• Chanson française

    Une trentaine de militants anarchistes ont été interpellés mercredi soir à Toulouse pour outrage à la police. Ces contestataires s’étaient rassemblés devant le commissariat pour y chanter Hécatombe, chanson où Brassens ridiculise les forces de l’ordre, et y crier « Mort aux vaches ». L’occasion ? Manifester leur soutien à un Rennais de 27 ans, récemment condamné parce qu’il avait, selon Ouest-France, entonné ce même texte devant des policiers, à Cherbourg.
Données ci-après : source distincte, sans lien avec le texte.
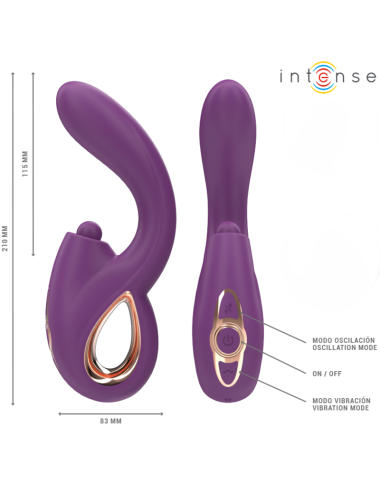INTENSE - LALI MULTIFUNCIONAL VIBRADOR DE PONTO G COM BATIDA, IMPULSÃO E VIBRAÇÃO ROXO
    A Toulouse, les forces de l’ordre ont encerclé les anars et les ont emmenés dans le commissariat pour y relever leur identité. Ce concert malsonnant devrait se terminer par de simples rappels à la loi.

    Parmi les personnes interpellées, une jeune femme qui a trouvé cela ridicule et surréaliste : « Je croyais qu’il n’y avait rien de mal à chanter Brassens devant un commissariat. Apparemment, il y a certaines personnes auxquelles on ne peut pas toucher. » Excusons cette jeune femme, elle est Italienne. En France on peut impunément toucher les policiers, à coups de barre de fer, de marteau, de pierre, de parpaing, voire de gros électroménager, mais à condition d’être « jeune ». Ainsi, dans le récent guet-apens des Tarterêts (cf. l’article de Caroline Parmentier du 7 juin), aucun jeune n’a été interpellé – la police, elle, étant mise en cause.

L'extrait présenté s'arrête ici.